##### MATERIAL TO PROCESS

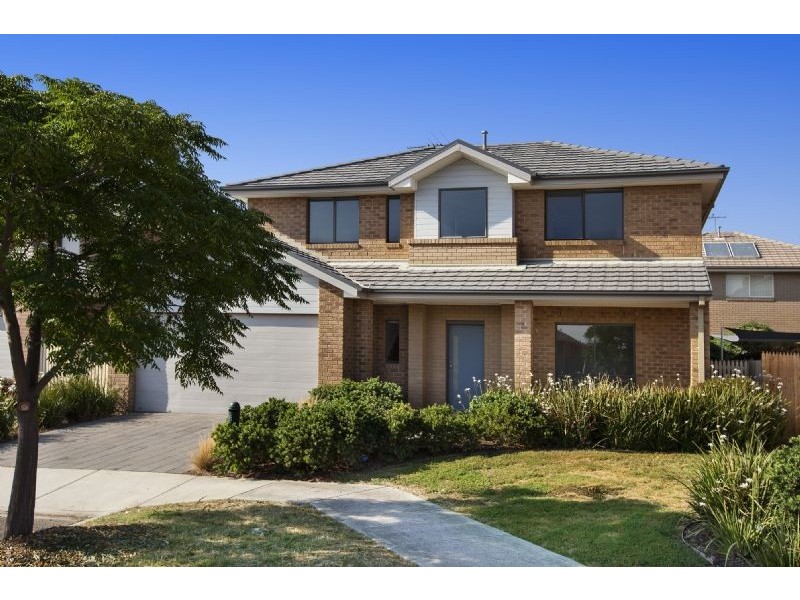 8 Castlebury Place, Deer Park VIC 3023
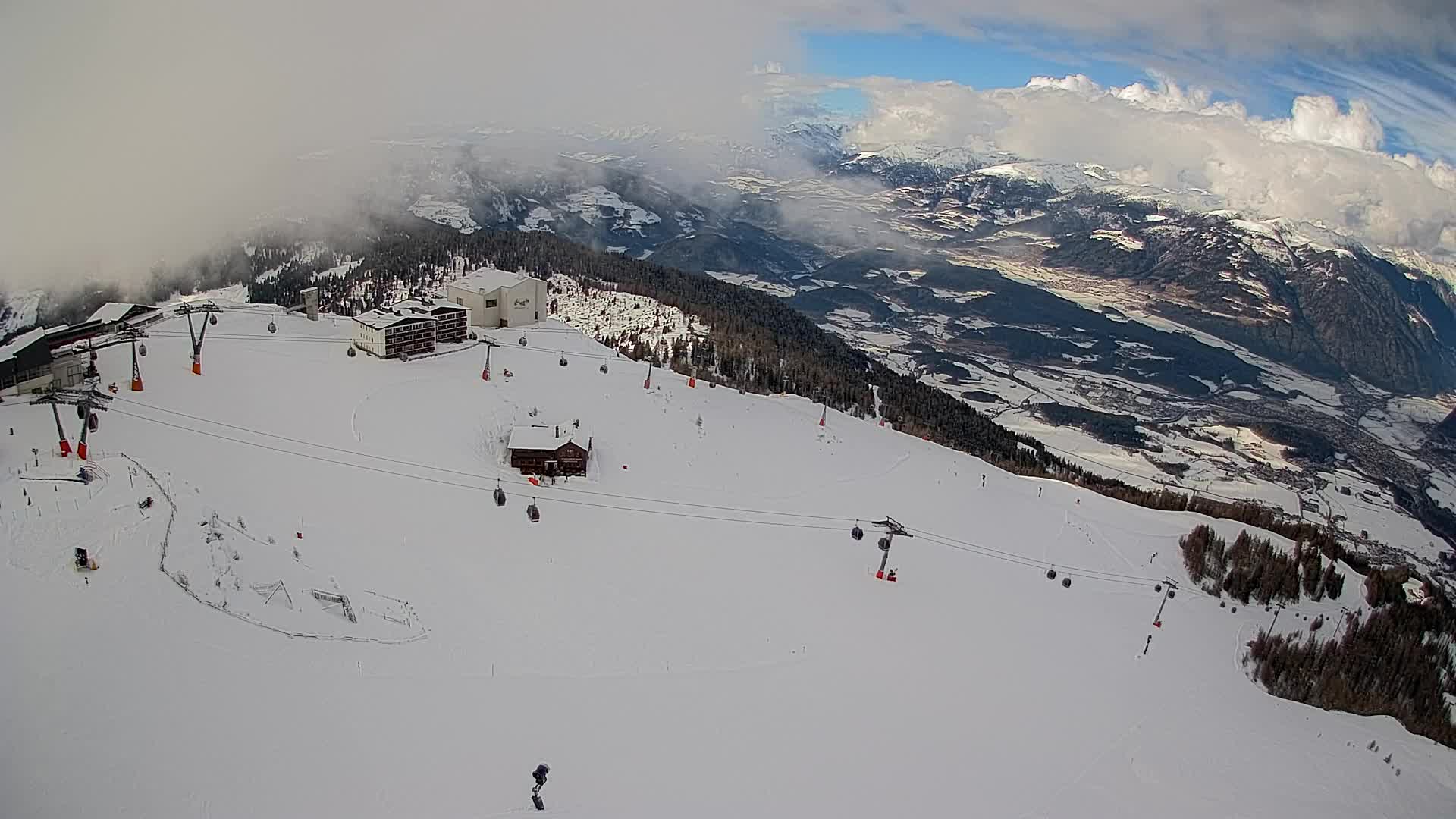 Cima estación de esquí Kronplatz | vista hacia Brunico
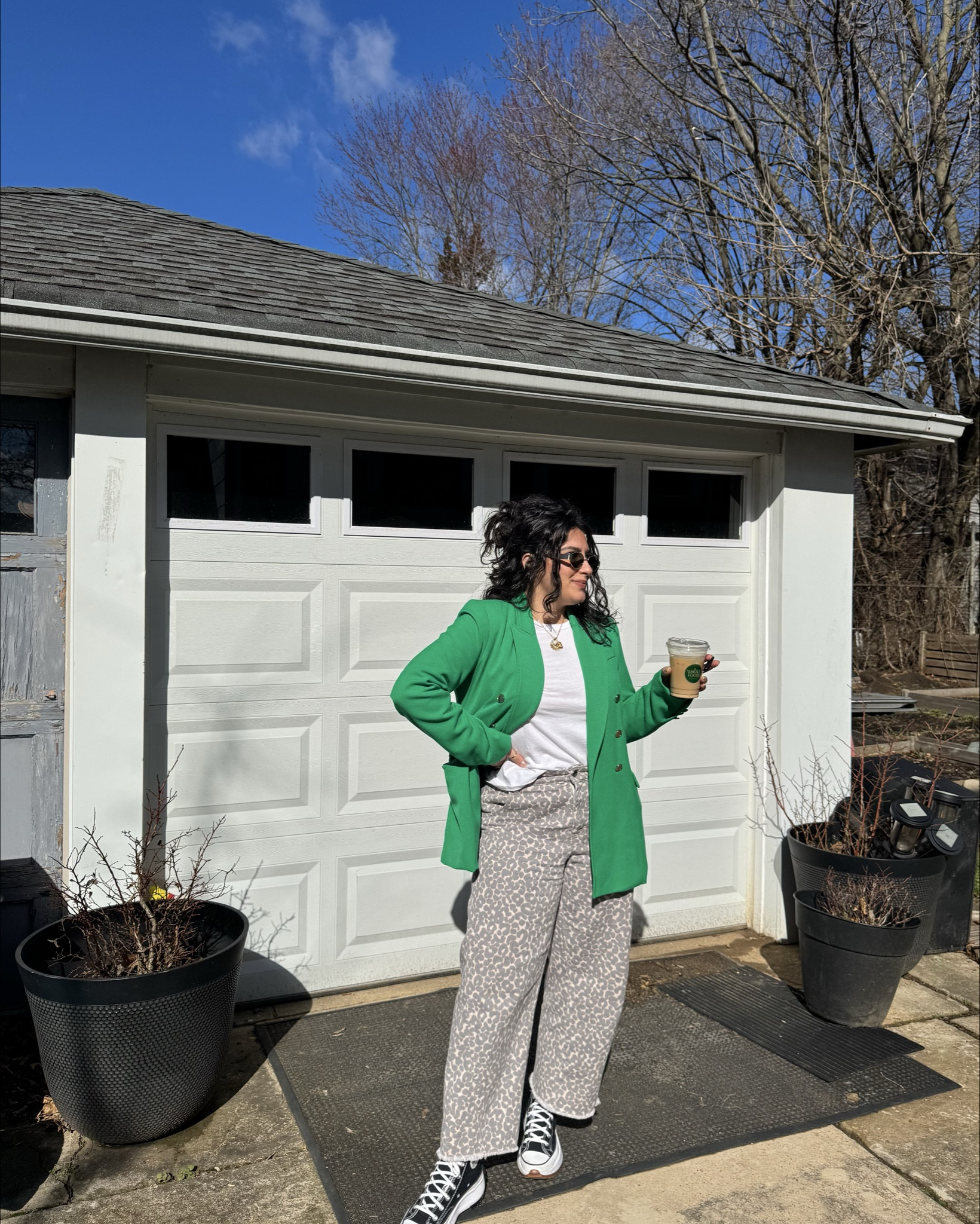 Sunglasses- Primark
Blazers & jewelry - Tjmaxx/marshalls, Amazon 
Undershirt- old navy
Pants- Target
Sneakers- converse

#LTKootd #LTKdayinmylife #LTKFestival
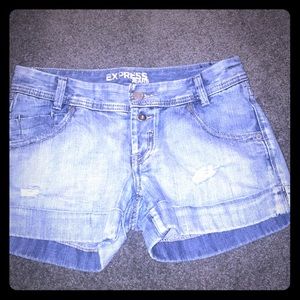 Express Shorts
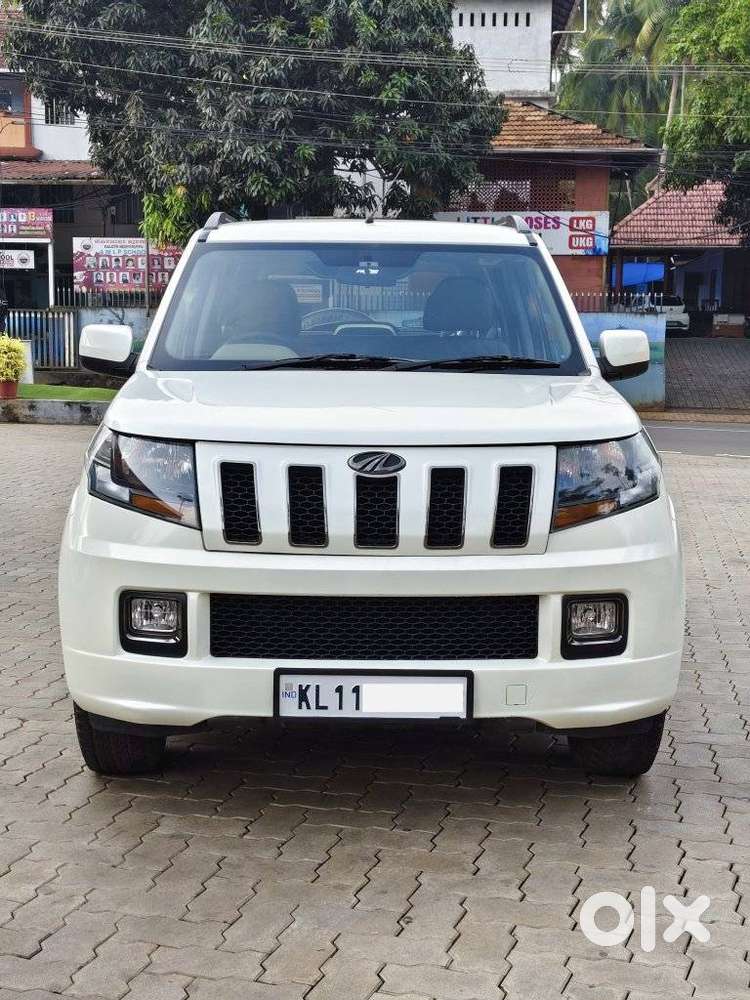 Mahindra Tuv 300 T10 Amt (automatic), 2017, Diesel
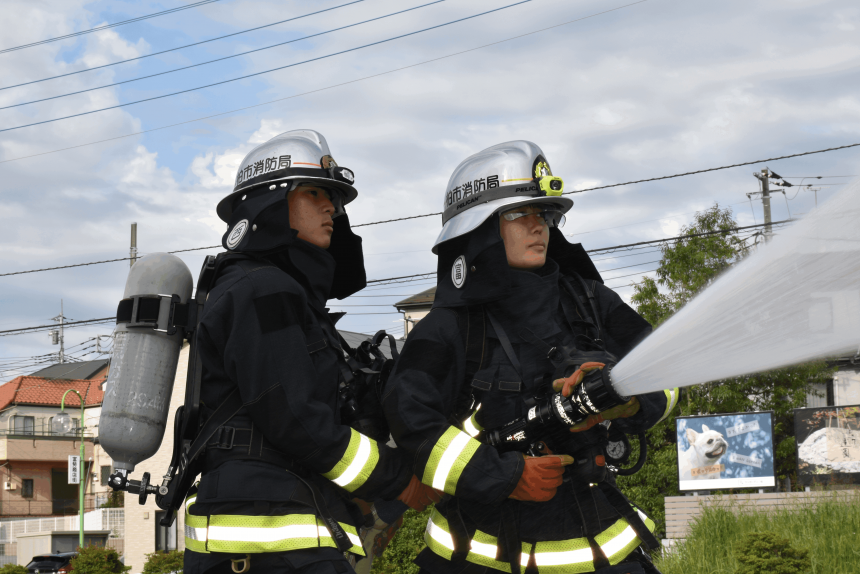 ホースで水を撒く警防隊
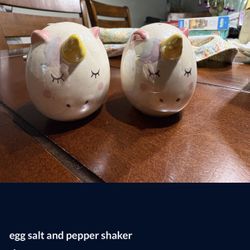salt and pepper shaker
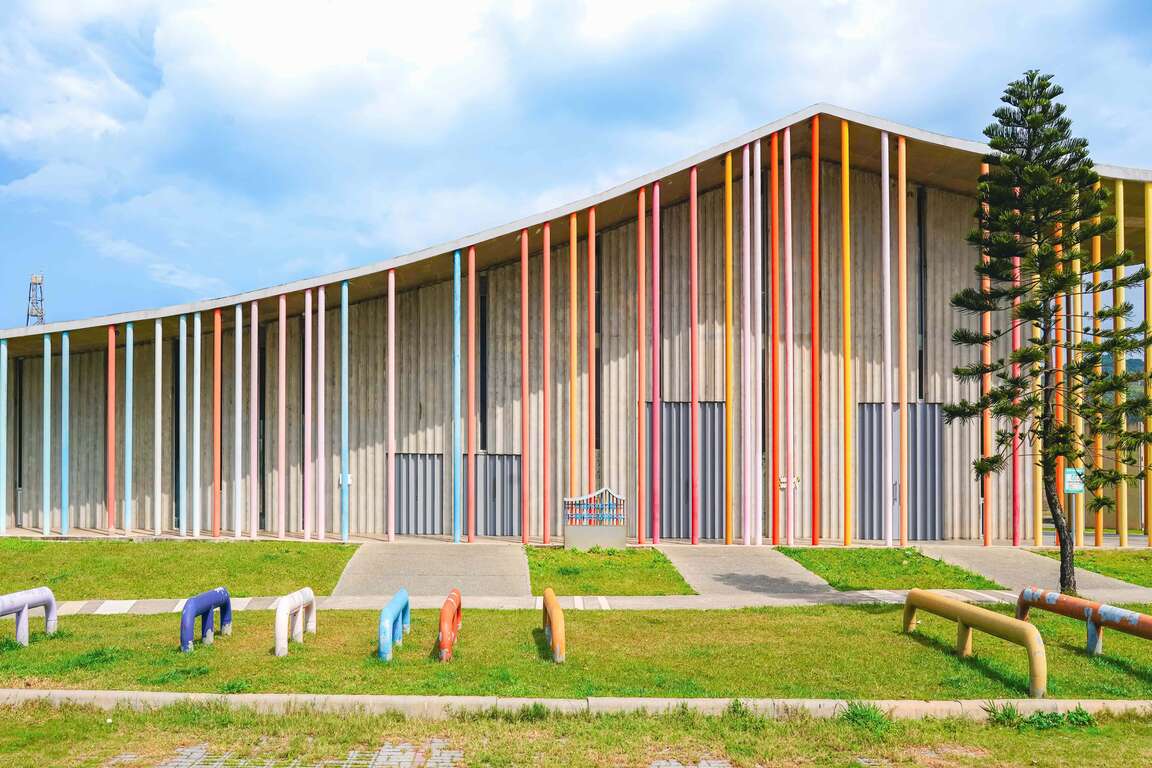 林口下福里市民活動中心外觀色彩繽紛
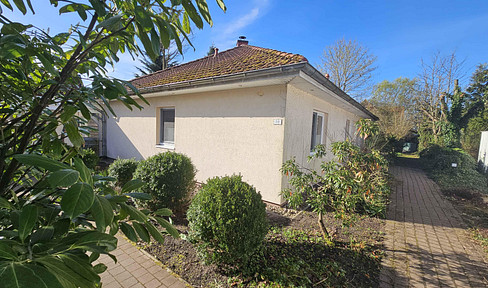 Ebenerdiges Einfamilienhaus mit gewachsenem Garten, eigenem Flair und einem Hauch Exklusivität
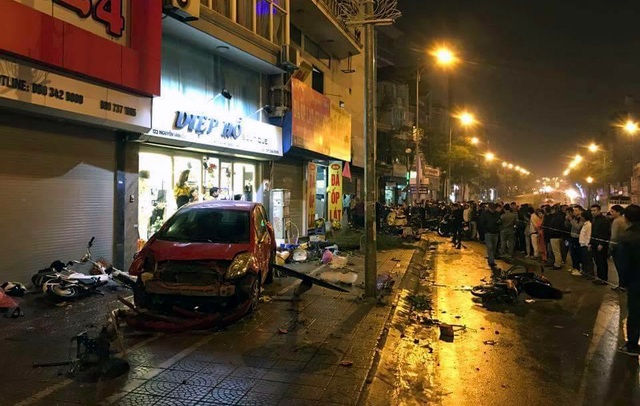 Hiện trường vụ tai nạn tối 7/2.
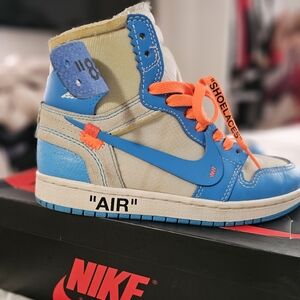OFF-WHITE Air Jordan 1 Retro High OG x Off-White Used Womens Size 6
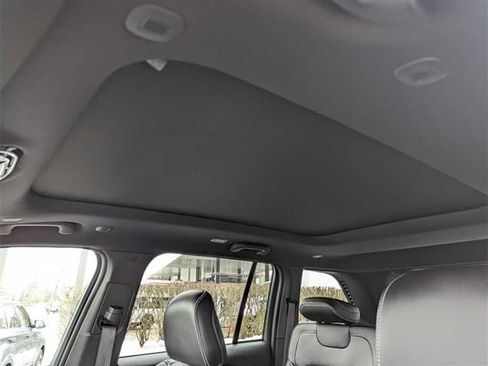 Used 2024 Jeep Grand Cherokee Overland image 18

##########

• **ACTION ITEM**: The result is an exact copy of the lines from the one holding "OFF-WHITE Air Jordan" through the final line of the data above, both ends included, minus the pictures.

• **EXERCISE SOLUTION**:
OFF-WHITE Air Jordan 1 Retro High OG x Off-White Used Womens Size 6
 Used 2024 Jeep Grand Cherokee Overland image 18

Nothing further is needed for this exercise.